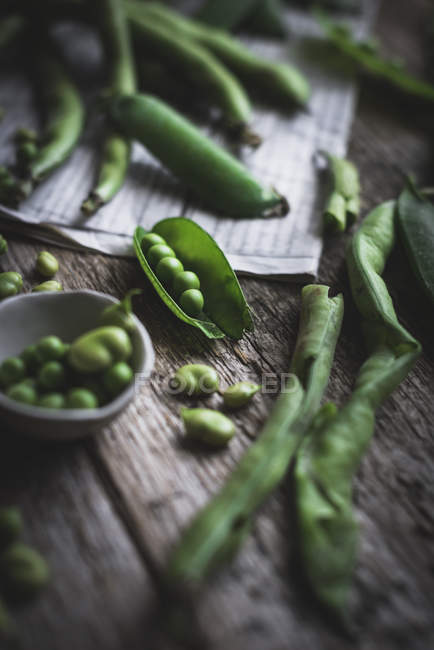 Close up view of green peas and newspaper on wooden table — Stock Photo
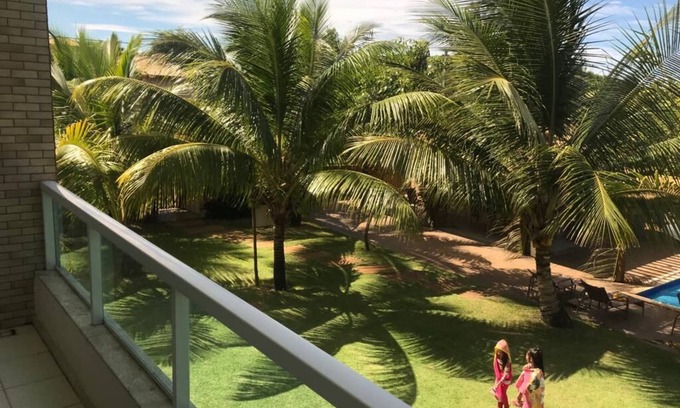 Itacimirim Apartamento | VILLAGE WITH FOUR SUITES, NEAR THE BEACH, VERY GREEN AND TRANQUILITY
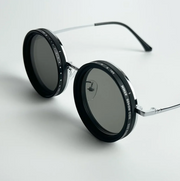 Lunettes Solaires à Teinte Réglable – Élégance et Protection Instantanée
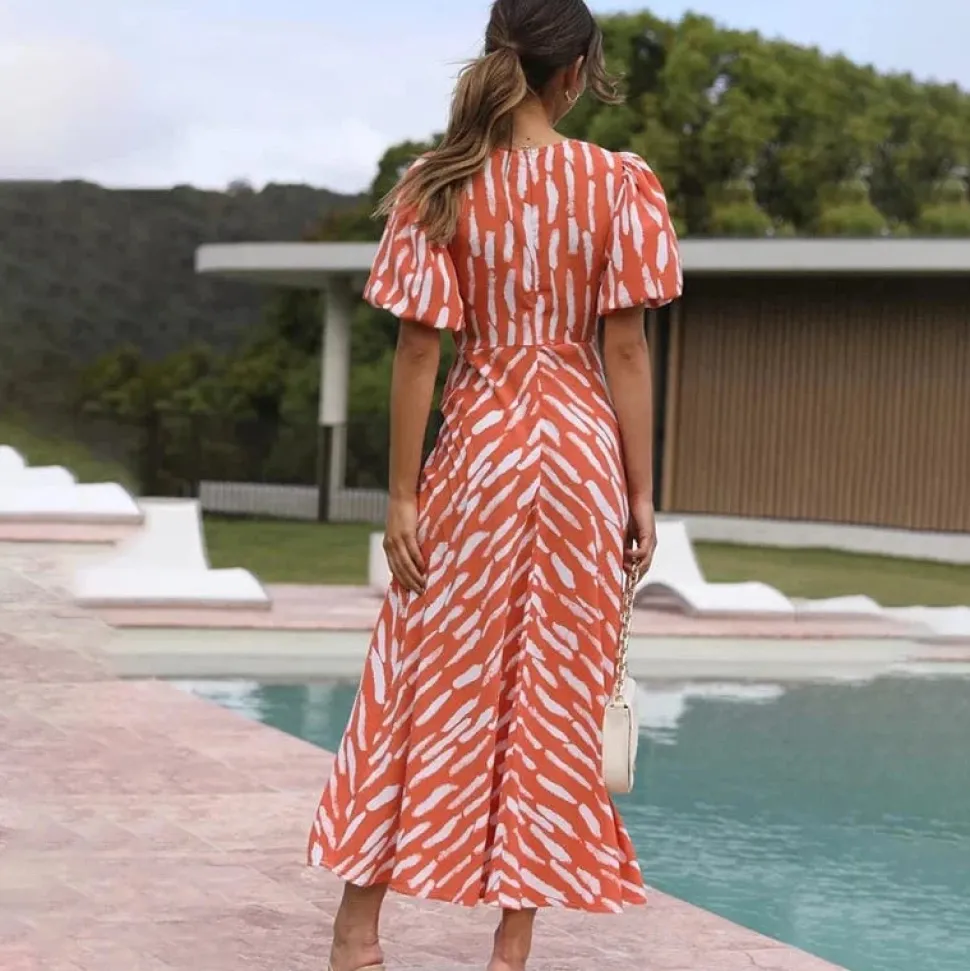 Robe de cocktail orange midi manches bouffantes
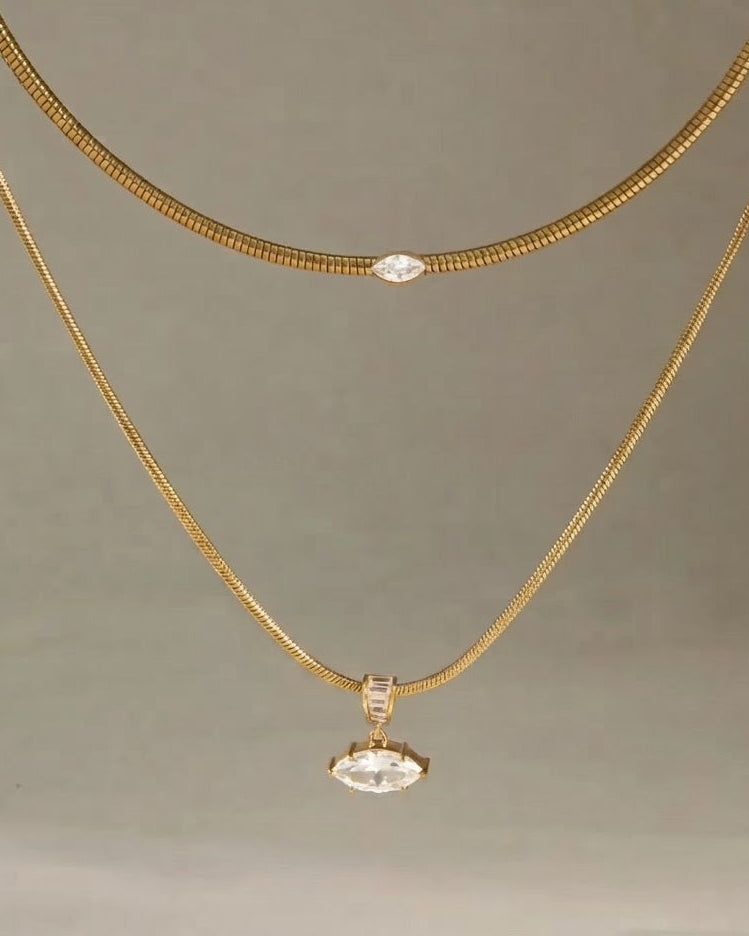 A gold necklace set featuring a textured snake chain and a fine chain with a marquise-cut clear gemstone pendant, displayed against a neutral gray background.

# [Goal of the exercise]
A word-for-word copy of the listing is the goal; keep every picture out of it.

# [Written answer]
 Close up view of green peas and newspaper on wooden table — Stock Photo
 Itacimirim Apartamento | VILLAGE WITH FOUR SUITES, NEAR THE BEACH, VERY GREEN AND TRANQUILITY
 Lunettes Solaires à Teinte Réglable – Élégance et Protection Instantanée
 Robe de cocktail orange midi manches bouffantes
 A gold necklace set featuring a textured snake chain and a fine chain with a marquise-cut clear gemstone pendant, displayed against a neutral gray background.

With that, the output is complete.